++++ Data section ++++

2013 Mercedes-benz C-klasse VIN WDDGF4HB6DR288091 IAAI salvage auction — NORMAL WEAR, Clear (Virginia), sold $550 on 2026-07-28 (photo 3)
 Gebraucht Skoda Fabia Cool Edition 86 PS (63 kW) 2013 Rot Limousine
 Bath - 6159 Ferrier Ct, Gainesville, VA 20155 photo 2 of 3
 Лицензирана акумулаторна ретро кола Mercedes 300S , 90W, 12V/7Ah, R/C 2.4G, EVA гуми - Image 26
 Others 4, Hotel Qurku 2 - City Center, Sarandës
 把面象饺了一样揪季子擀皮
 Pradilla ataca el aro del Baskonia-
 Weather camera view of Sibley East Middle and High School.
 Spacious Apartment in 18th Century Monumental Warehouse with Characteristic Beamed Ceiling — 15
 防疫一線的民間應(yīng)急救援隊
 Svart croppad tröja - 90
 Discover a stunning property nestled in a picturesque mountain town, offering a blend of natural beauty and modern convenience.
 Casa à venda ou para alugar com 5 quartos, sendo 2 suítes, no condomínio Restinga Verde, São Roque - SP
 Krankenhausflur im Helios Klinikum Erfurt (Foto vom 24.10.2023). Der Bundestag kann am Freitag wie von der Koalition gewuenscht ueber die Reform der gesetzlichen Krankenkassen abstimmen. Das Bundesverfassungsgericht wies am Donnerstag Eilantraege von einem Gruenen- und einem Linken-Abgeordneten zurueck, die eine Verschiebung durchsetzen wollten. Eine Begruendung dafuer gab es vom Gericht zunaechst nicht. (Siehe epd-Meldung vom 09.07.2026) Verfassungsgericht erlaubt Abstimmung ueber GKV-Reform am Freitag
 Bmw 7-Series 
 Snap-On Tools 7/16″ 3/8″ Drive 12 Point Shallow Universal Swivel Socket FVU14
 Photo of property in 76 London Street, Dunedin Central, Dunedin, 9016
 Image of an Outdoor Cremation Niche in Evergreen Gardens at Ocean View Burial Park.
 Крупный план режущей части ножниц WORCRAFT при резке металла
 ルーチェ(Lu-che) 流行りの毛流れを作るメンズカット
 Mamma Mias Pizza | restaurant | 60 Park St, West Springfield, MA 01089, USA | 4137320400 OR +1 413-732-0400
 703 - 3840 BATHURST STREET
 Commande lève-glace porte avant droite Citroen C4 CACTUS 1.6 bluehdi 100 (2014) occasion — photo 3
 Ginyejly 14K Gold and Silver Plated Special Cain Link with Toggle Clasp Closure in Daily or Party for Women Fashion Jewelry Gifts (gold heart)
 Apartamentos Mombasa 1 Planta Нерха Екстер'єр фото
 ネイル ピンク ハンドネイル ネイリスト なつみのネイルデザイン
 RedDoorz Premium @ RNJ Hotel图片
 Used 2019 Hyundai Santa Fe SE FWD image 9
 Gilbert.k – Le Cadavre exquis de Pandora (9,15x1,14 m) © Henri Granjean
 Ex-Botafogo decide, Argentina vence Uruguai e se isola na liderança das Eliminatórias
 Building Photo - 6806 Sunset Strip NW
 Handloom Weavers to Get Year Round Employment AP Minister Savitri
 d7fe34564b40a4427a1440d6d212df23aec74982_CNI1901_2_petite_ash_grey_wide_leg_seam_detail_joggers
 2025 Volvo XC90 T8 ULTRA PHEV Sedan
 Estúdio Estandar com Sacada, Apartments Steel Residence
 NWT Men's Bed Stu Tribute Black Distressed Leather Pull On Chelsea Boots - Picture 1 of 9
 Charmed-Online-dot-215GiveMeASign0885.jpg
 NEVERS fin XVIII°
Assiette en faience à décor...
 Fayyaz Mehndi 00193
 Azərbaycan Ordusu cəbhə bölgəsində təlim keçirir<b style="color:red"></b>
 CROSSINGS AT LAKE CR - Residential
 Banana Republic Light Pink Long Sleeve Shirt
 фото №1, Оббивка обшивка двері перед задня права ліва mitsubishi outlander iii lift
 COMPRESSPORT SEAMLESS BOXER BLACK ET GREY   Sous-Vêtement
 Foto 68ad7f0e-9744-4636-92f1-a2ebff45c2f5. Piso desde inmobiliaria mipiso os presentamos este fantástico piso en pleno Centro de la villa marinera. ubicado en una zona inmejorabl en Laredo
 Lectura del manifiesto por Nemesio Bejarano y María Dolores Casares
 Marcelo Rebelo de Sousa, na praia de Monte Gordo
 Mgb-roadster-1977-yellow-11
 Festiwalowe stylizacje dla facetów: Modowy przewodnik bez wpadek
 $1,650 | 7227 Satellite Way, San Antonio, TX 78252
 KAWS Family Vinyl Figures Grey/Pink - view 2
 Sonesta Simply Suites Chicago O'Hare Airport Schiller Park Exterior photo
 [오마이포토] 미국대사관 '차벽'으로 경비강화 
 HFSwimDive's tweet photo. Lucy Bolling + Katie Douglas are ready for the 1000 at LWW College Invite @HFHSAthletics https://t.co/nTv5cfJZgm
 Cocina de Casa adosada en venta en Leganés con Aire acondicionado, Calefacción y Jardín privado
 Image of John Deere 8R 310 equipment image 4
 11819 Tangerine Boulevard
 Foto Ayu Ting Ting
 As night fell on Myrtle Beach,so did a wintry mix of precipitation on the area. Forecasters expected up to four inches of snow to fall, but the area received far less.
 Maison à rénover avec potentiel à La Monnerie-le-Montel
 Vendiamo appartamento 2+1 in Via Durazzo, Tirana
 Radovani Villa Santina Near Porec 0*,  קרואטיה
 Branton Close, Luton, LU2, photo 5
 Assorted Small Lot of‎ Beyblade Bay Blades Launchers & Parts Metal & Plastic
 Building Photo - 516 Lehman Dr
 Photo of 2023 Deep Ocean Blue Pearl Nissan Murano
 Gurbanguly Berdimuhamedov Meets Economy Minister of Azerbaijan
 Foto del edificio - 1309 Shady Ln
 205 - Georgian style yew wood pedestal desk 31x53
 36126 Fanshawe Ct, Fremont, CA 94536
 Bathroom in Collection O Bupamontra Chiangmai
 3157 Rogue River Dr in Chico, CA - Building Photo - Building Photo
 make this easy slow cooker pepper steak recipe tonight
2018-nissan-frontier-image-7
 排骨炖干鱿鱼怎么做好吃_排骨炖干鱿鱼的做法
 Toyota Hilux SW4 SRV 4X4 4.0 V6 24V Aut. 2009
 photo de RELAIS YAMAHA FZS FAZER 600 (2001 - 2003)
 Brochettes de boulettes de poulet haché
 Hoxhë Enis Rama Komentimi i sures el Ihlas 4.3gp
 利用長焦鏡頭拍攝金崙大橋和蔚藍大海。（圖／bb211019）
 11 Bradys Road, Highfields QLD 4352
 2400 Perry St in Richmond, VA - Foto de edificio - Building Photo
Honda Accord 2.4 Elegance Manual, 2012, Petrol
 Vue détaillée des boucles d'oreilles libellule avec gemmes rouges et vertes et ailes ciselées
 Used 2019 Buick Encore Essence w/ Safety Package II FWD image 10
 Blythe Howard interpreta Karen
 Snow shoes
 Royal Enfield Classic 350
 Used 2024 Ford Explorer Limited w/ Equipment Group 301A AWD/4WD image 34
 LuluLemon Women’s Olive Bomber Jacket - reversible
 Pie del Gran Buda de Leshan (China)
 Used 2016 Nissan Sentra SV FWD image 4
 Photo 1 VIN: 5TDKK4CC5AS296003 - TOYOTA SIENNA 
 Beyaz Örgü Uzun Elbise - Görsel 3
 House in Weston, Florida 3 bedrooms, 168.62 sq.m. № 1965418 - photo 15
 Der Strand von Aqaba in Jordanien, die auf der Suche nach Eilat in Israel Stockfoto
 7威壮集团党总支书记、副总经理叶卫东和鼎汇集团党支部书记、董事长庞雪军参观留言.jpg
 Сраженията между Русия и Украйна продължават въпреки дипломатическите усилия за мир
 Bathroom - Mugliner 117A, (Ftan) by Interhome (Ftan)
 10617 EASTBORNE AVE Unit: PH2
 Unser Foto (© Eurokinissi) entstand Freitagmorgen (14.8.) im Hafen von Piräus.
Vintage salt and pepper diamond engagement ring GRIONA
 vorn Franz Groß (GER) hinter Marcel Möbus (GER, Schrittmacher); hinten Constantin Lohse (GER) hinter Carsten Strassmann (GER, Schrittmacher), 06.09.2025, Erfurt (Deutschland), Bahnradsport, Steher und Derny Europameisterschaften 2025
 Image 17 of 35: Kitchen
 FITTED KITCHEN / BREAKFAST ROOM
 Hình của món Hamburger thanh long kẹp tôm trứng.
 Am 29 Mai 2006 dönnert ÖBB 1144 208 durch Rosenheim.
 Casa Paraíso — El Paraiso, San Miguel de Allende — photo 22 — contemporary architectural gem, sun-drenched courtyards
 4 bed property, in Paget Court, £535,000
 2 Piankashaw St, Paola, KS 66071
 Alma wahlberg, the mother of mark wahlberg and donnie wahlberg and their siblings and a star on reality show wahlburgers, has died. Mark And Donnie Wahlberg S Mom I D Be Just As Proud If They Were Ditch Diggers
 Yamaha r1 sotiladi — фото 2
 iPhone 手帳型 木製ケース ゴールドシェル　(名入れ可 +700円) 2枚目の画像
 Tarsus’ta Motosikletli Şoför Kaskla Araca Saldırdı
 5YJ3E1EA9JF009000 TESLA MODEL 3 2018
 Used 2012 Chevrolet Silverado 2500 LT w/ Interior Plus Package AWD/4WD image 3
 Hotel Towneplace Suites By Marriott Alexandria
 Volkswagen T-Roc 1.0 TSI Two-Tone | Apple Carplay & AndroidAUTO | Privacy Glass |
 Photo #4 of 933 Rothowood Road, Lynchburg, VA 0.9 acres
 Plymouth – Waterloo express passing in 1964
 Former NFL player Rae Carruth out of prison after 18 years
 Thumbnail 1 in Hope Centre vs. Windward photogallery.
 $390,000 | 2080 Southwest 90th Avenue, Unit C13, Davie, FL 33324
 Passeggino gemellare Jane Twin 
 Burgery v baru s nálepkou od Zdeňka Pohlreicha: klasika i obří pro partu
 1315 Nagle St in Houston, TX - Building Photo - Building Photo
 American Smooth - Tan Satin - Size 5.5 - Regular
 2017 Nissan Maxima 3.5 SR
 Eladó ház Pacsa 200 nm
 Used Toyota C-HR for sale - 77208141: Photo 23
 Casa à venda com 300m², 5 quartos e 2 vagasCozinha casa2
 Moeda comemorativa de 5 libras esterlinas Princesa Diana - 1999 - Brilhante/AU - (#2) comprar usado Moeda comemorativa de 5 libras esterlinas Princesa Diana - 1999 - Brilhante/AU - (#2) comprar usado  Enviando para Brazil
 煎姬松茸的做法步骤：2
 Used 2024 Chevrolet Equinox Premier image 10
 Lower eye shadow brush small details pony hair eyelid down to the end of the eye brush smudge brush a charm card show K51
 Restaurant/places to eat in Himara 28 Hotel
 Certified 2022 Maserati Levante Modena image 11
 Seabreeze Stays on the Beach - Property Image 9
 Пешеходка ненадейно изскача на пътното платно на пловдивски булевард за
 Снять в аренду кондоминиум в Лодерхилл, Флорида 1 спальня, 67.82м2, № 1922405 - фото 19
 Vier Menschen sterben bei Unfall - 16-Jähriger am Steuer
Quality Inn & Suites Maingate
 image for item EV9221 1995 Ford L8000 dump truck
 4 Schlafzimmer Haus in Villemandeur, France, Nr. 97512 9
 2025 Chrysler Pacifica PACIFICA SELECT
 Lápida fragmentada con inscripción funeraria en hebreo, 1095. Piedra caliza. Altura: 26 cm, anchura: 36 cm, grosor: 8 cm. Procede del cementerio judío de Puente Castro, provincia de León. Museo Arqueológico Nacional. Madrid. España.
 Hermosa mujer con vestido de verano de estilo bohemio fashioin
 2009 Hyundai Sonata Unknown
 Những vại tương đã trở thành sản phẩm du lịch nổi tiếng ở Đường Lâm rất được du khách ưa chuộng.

++++

◆ **Task description**:
Reproduce exactly the lines above from the line with "Gilbert.k – Le" to the line with "Estúdio Estandar com", including both, and add nothing.

◆ **Answer box**:
 Gilbert.k – Le Cadavre exquis de Pandora (9,15x1,14 m) © Henri Granjean
 Ex-Botafogo decide, Argentina vence Uruguai e se isola na liderança das Eliminatórias
 Building Photo - 6806 Sunset Strip NW
 Handloom Weavers to Get Year Round Employment AP Minister Savitri
 d7fe34564b40a4427a1440d6d212df23aec74982_CNI1901_2_petite_ash_grey_wide_leg_seam_detail_joggers
 2025 Volvo XC90 T8 ULTRA PHEV Sedan
 Estúdio Estandar com Sacada, Apartments Steel Residence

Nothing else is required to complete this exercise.